数年前に一度『ハーモニー』は読んでいたので比較しながら読み進めたけど、共通する要素を用いながら裏返しにしたような物語を描いていることにまずは驚いた。
『虐殺器官』の話も構造的なものが重層的に作り込まれていて大変読み応えがあった。
まず気になったのが主人公の精神面。母親を亡くしたトラウマと情報管理社会、そして世界のあり方とがパラレルにつながることで形作られているように思う。
シングルマザーで育てられ家では常に母親の視線を感じていたということと、情報管理社会によってモノや行為とがすべて自分とタグ付けされることによって自己規定ができテロに晒されない安心感を得られていることとがパラレルにつながっているように描かれているように感じた。
主人公は軍人で紛争地帯で平然と人を殺す仕事をしている。
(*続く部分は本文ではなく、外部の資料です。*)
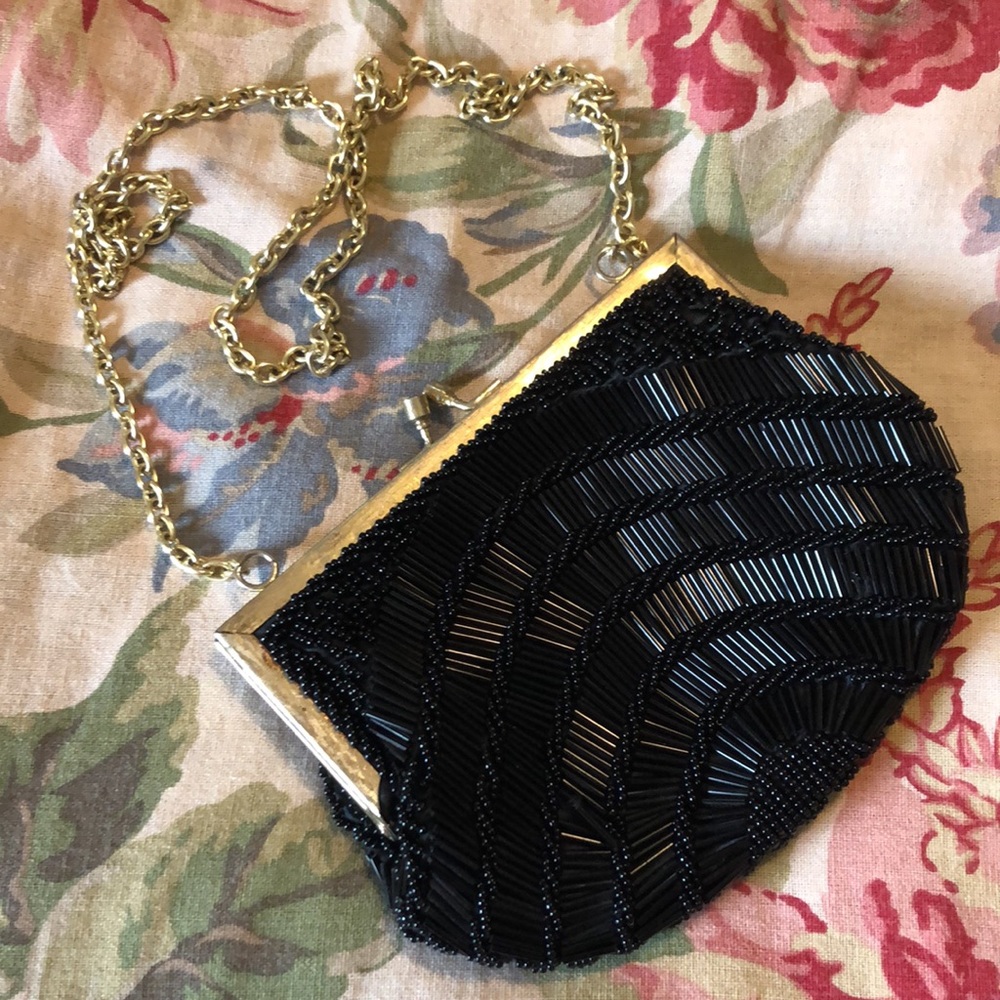 Vintage 50’s Art Deco Hand Beaded In MACAL Black Bead Purse Gold HW Chain Strap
一方で事故に遭い植物状態になった母親を安楽死させたことに罪悪感を抱き苛まされる日々を送っている。
ここには圧倒的な非対称性があって、これがこの作品のテーマなのだろうと思った。
もう一つ物語的に重要な要素がある。
それはキリスト教徒であり主人公の仕事の後輩でもある人物が自殺し、主人公にまた別種のトラウマを与えていることだ。
主人公は後輩がなぜ自殺したのか?をずっと考え続けるわけだけど、たぶんこれは彼(後輩)なりの非対称性の引き受け方を選んだ結果なのだろうと思う。
後輩の死は、世界への不信感をもたらし、物語の進行に伴い主人公のアイデンティティもゆらいでいく。
最終的にはそのアイデンティティの頼りにしていた人物たちを次々と亡くしていき、この世界に自分しかいないような空虚さだけが残る。
結末はこの空虚さからくる主人公の選択であり、せめてその意志だけでも示したいという感情だったのかなと想像する。
物語の中である種の要素として言及されながらも徹底して「他者の痛み」そのものを物語の内側に引き入れて描くことはしなかった。
そこを描こうとしたのが『ハーモニー』だったのかもしれない。
数年越しに再読して確かめたい。